Explain the solution to USAMO $1991/\rm P3$

It is easy to verify that the statement is true for $n=1,2$. Now assume that the statement is true for all $m<n$. Since $\phi(n)<n$, the statement is true for $\phi(n)$ by induction hypothesis and hence, as you showed, true for $n$. Therefore by strong induction, you conclude that the statement is true for all $n\geq1$. Since the sequence, $a_k$ can be written as $a_{k+1}=2^{a_k}$ with $a_1=2$, true for $\phi(n)$ implies true for $n$. The situations when $n$ is odd or even can be handled, think a little.
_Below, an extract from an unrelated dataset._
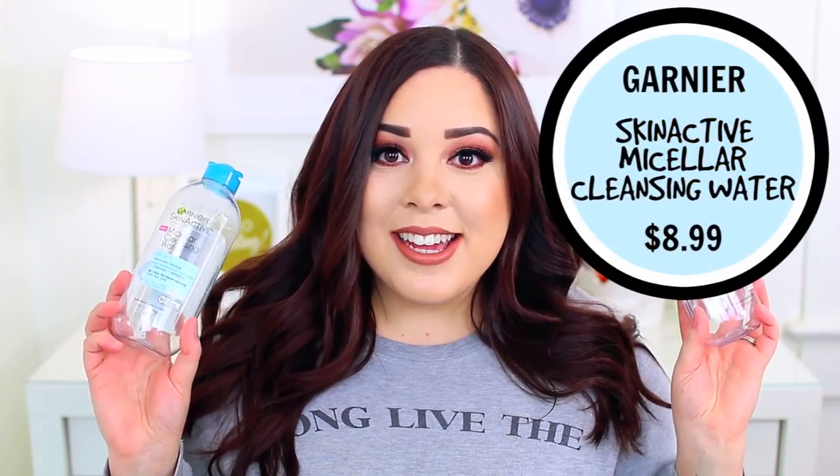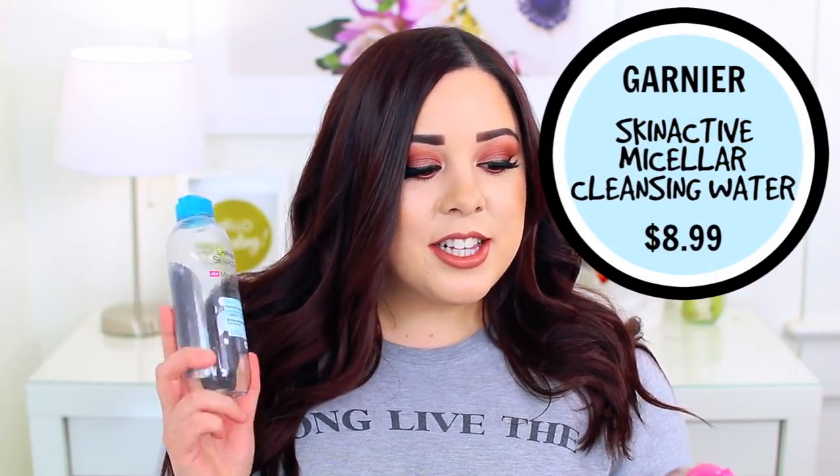I finished two of the Garnier SkinActive Micellar Cleansing Waters — I tried both versions. I do not like the waterproof version at all; it leaves a weird, oily, greasy film on the skin. I used it up because I had it, mostly for eye makeup removal, but the regular pink one does a great job at removing eye makeup as well. I also read some conflicting information about an ingredient in here that may not be good for you, so I'm not sure I'll repurchase it — I have to do more research. If you have an alternative you prefer, I'd love to hear from you.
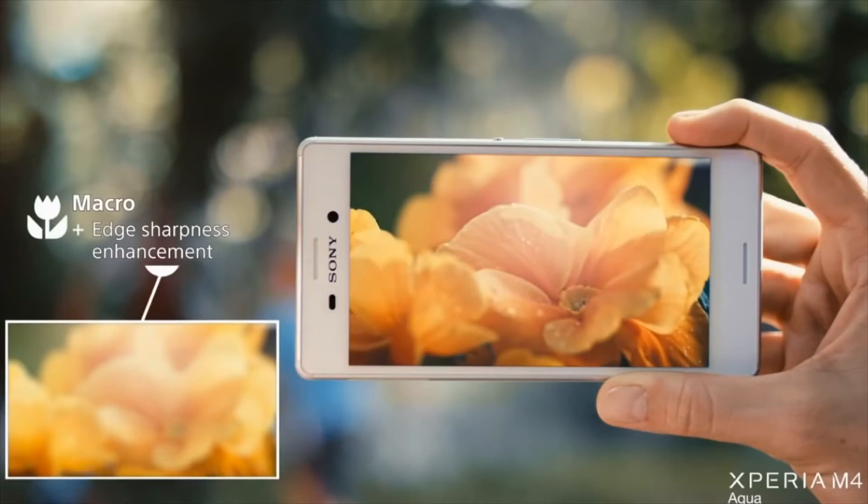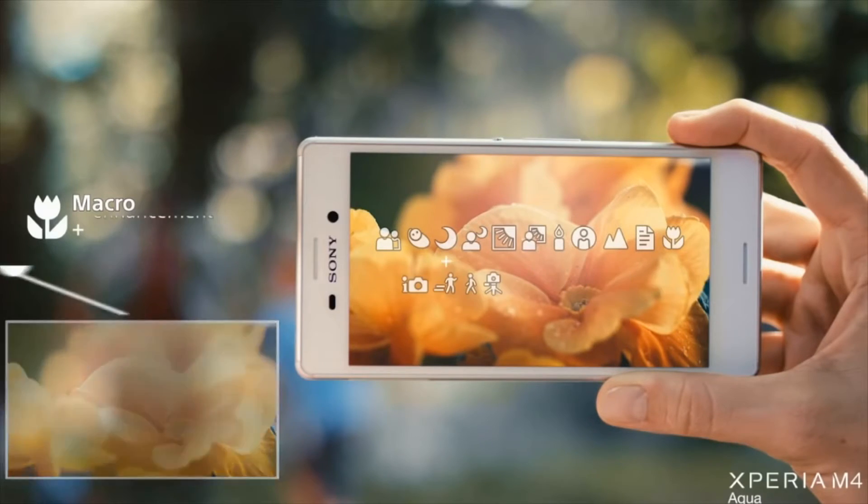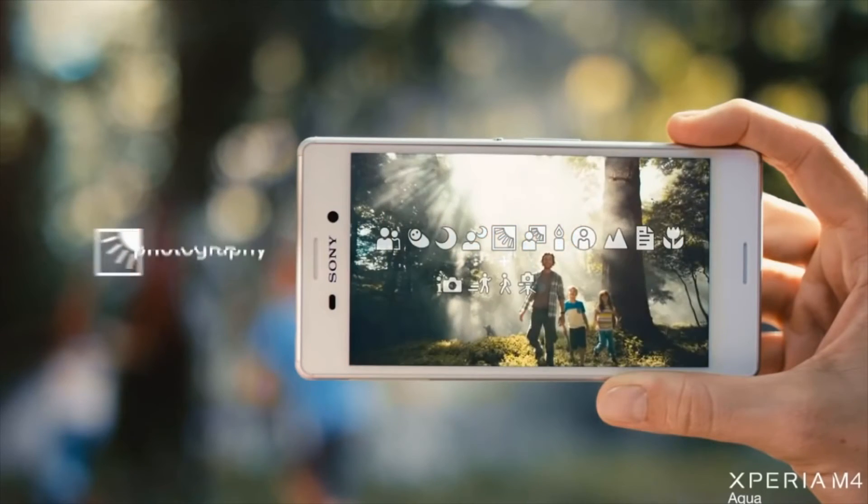With fully automatic scene recognition, my phone will recognize 52 different photo situations and simply use the best setting. My camera is designed to start up really fast and all I have to do is point and shoot.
The crucial idea is to use strong induction.


For $n$ odd, $2$ is relatively prime to $n$, so the sequence of $a_i$ is some sequence in the set of numbers relatively prime to $n$, hence forms a set of residues modulo $n$ of size no greater than $\phi(n)$. This is the content of Euler's theorem. So the sequence $$ 2^{a_i} \pmod{n}, 2^{a_{i+1}} \pmod{n}, 2^{a_{i+2}} \pmod{n}, ... $$ is termwise equal to the sequence $$ 2^{[a_i \pmod{\phi(n)}]} \pmod{n}, 2^{[a_{i+1} \pmod{\phi(n)}]} \pmod{n}, 2^{[a_{i+2} \pmod{\phi(n)}]} \pmod{n}, ... \text{,} $$ where the square brackets pick a representative from the equivalence class given by the modulus (for instance, the least nonnegative representative of the residue class).

Also, this sequence of exponents is "one behind" the sequence term being defined. That is, $$ a_k \cong 2^{a_{k-1}} \pmod{n} \text{.} $$ So the sequence made of the terms on the left-hand side of that equality is eventually constant if the sequence made of the exponents on the right-hand side are eventually all in the same residue class module $\phi(n)$.

Let's see an example. Let's set $n = 7$ and see that $\phi(7) = 6$. \begin{align*} a_1 &\cong 2 \pmod{7} \cong 2^{[1 \pmod{6}]} \pmod{7} \\ a_2 &\cong 4 \pmod{7} \cong 2^{[2 \pmod{6}]} \pmod{7} \\ a_3 &\cong 16 \pmod{7} \cong 2^{[4 \pmod{6}]} \pmod{7} \\ a_4 &\cong 65536 \pmod{7} \cong 2^{[16 \pmod{6}]} \cong 2^4 \pmod{7} \\ a_5 &\cong 2^{65536} \pmod{7} \cong 2^{[65536 \pmod{6}]} \cong 2^4 \pmod{7} &\vdots \end{align*} Notice that at each step, $a_k \cong 2^{[a_{k-1} \pmod{\phi(n)}]} \pmod{n}$. So if $\left( [a_{k-1} \pmod{\phi(n)}] \right)_k$ is eventually constant, then so is $(a_k \pmod{n})_k$. Strong induction at step $n$ gives us the eventual constancy of $\left( [a_{k-1} \pmod{\phi(n)}] \right)_k$, because $\phi(n) < n$, and the above leverages that to constancy of $(a_k \pmod{n})_k$.